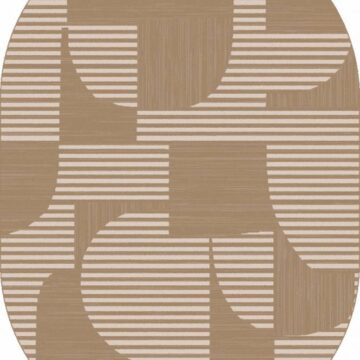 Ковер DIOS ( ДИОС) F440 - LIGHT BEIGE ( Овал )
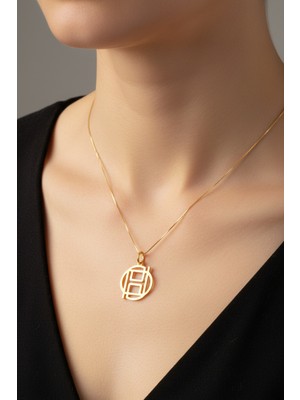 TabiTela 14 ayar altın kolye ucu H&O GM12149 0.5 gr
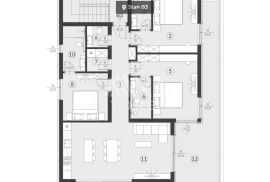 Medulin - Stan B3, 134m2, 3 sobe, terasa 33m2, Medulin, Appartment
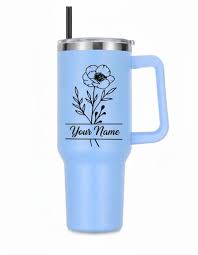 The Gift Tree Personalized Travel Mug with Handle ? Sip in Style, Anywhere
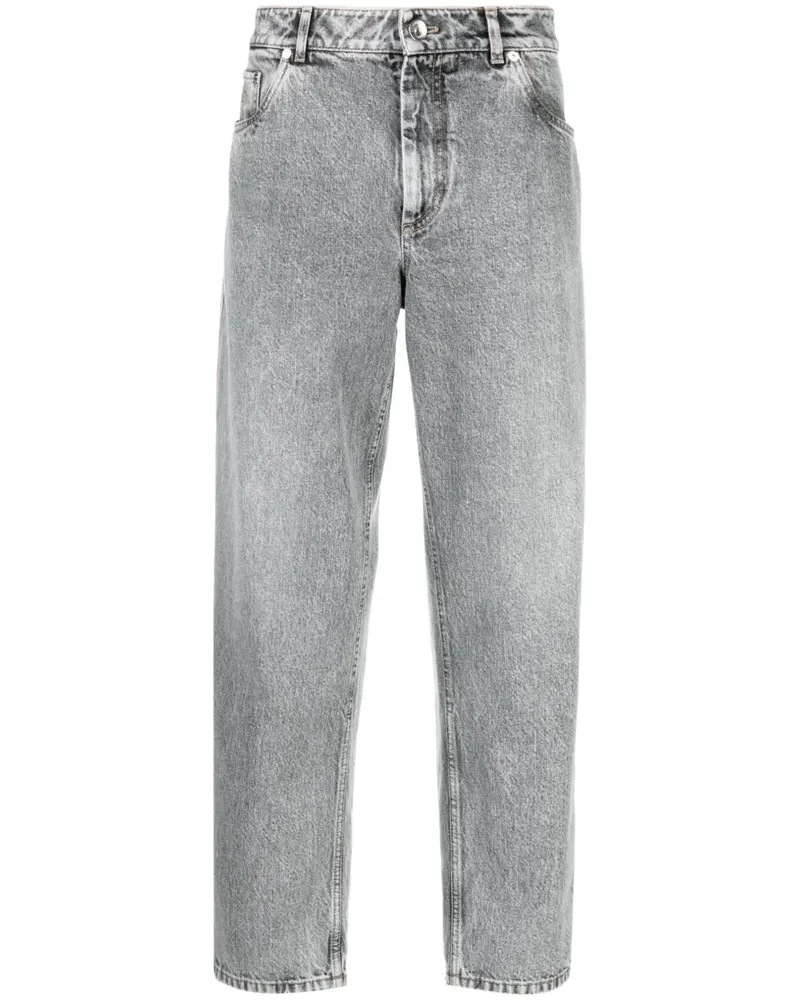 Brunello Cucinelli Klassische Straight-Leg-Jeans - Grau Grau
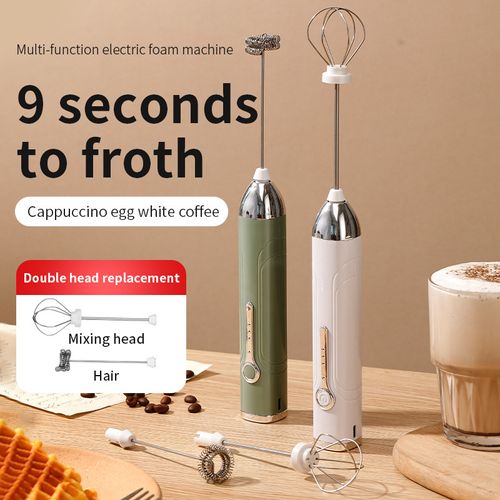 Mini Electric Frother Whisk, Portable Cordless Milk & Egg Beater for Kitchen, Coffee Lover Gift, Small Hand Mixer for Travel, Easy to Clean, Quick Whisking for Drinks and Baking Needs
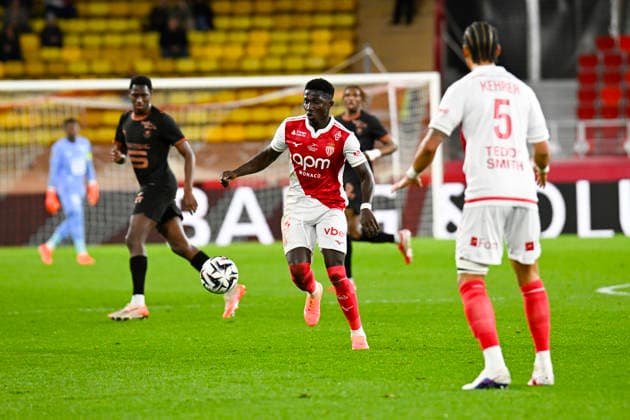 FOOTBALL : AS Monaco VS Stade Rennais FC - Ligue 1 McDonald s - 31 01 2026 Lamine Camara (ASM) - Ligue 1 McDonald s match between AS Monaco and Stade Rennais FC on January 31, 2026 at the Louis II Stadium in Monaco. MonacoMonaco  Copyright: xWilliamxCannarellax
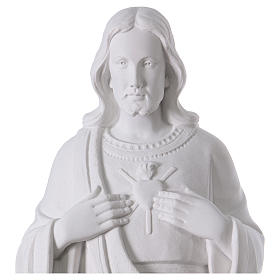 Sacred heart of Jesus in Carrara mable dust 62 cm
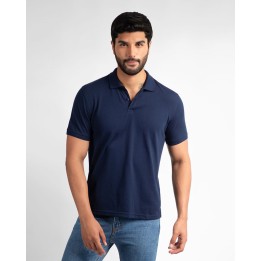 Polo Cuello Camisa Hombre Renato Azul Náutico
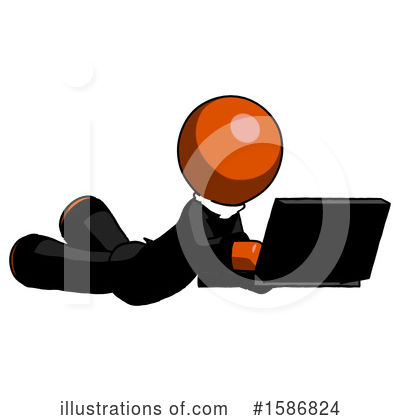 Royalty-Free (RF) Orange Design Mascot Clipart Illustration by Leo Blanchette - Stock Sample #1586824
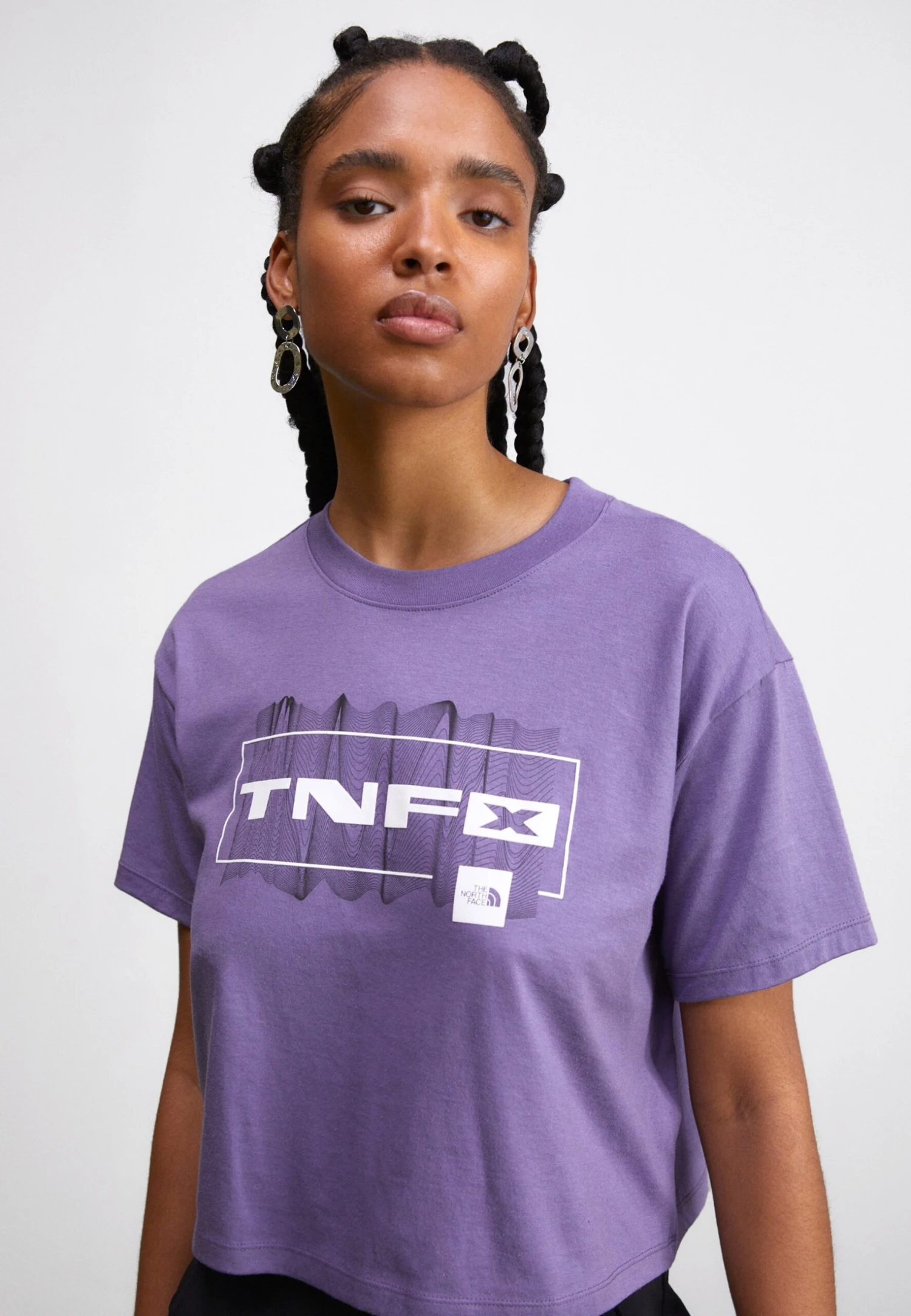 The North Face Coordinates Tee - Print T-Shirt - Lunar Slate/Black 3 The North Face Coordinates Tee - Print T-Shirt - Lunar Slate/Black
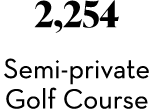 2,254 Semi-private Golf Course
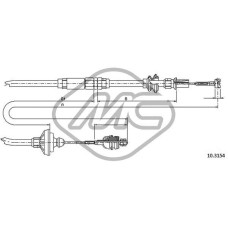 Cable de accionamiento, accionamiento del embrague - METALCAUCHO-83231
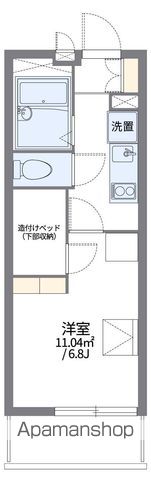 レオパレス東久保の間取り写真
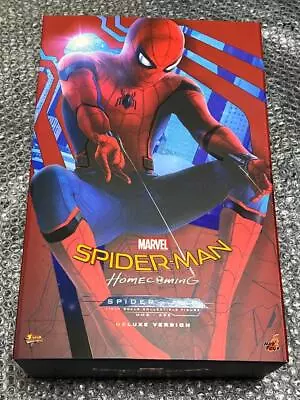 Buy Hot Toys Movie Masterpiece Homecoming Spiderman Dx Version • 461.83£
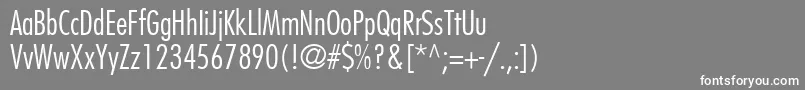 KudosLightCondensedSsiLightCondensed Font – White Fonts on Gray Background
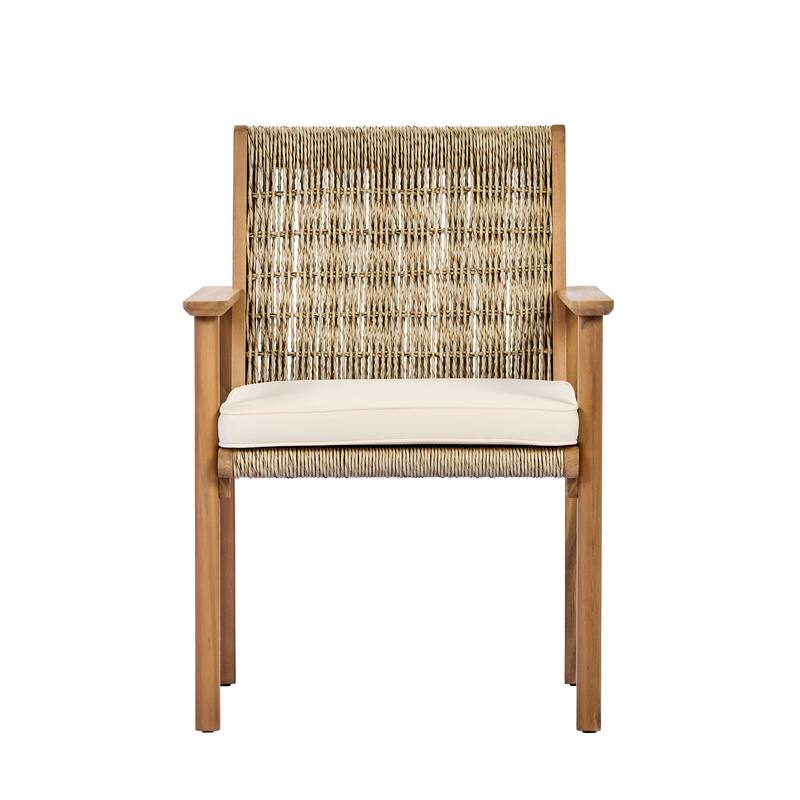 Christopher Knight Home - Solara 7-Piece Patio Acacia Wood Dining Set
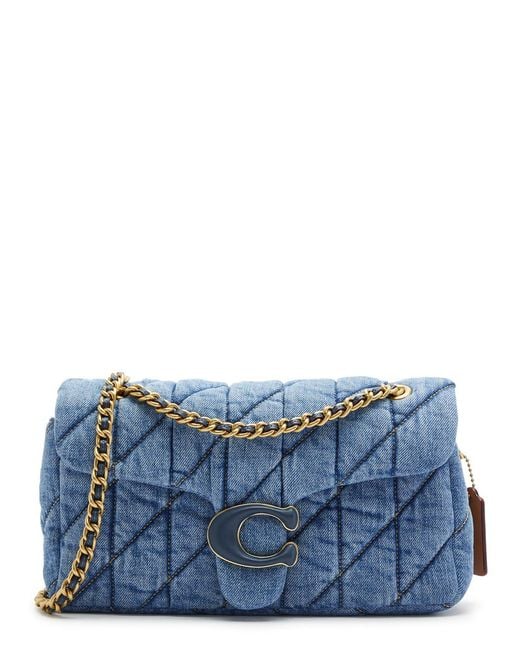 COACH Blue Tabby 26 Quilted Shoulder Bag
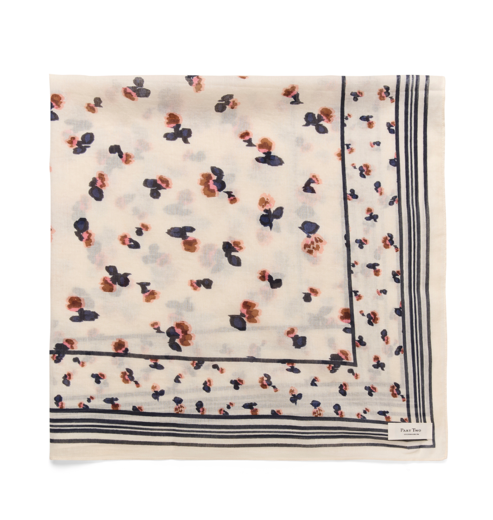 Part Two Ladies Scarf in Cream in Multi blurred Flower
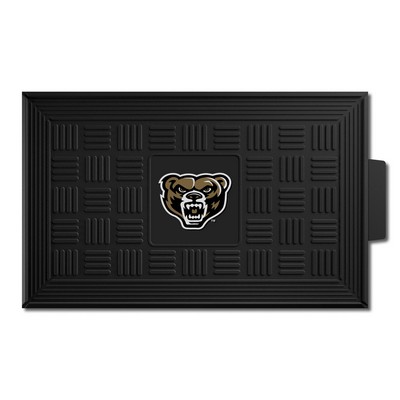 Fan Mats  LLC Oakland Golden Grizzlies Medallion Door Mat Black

**Instructions to follow:**
This task calls for the lines from the line containing "Lunar Slate/Black 3" through the end of the listing, set down exactly and only, with pictures omitted.

**Response for this exercise:**
 The North Face Coordinates Tee - Print T-Shirt - Lunar Slate/Black 3 The North Face Coordinates Tee - Print T-Shirt - Lunar Slate/Black
 2,254 Semi-private Golf Course
 Cable de accionamiento, accionamiento del embrague - METALCAUCHO-83231
 レオパレス東久保の間取り写真
 Buy Hot Toys Movie Masterpiece Homecoming Spiderman Dx Version • 461.83£
 KudosLightCondensedSsiLightCondensed Font – White Fonts on Gray Background
 Christopher Knight Home - Solara 7-Piece Patio Acacia Wood Dining Set
 COACH Blue Tabby 26 Quilted Shoulder Bag
 Part Two Ladies Scarf in Cream in Multi blurred Flower
 Fan Mats  LLC Oakland Golden Grizzlies Medallion Door Mat Black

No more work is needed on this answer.